Data excerpts:
■ ■ ■
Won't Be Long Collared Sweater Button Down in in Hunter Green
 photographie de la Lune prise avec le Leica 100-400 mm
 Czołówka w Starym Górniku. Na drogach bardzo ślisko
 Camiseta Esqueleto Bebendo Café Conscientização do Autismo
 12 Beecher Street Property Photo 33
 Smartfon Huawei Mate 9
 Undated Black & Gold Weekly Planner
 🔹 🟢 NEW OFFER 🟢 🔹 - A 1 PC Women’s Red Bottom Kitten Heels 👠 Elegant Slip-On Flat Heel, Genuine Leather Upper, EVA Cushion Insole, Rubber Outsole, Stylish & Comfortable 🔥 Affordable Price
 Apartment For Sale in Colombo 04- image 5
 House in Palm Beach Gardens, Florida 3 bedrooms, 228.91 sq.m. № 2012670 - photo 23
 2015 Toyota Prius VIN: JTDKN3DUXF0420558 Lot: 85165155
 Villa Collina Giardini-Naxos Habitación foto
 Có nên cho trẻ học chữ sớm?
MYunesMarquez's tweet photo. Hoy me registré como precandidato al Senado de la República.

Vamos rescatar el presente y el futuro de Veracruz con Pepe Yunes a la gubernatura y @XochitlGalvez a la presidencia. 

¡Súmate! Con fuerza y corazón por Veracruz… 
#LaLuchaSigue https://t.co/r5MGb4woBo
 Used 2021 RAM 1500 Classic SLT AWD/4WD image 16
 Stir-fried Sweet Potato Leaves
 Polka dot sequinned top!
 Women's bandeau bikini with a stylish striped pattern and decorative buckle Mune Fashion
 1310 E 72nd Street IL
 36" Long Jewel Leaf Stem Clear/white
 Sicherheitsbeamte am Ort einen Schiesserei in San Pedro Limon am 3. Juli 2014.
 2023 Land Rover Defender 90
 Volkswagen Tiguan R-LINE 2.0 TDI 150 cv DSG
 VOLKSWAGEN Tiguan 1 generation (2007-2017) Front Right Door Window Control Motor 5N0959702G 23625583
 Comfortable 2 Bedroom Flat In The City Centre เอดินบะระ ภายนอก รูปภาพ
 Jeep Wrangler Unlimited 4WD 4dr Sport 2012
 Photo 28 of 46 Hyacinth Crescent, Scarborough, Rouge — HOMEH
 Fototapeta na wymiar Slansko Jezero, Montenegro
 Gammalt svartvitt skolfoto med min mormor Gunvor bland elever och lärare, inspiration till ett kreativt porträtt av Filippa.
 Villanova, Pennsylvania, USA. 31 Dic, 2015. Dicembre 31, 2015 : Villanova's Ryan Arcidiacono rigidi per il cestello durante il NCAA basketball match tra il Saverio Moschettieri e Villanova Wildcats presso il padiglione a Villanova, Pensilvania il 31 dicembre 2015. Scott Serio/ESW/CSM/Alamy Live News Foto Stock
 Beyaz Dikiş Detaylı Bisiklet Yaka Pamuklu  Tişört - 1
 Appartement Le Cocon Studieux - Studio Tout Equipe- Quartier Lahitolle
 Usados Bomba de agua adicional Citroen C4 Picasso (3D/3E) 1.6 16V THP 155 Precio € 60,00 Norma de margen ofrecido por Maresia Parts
■ ■ ■
# Work request
Would you print, exactly as written, every line above from the one holding "Used 2021 RAM" through the one holding "2023 Land Rover Defender 90", with both included and no other lines?

# Written answer
 Used 2021 RAM 1500 Classic SLT AWD/4WD image 16
 Stir-fried Sweet Potato Leaves
 Polka dot sequinned top!
 Women's bandeau bikini with a stylish striped pattern and decorative buckle Mune Fashion
 1310 E 72nd Street IL
 36" Long Jewel Leaf Stem Clear/white
 Sicherheitsbeamte am Ort einen Schiesserei in San Pedro Limon am 3. Juli 2014.
 2023 Land Rover Defender 90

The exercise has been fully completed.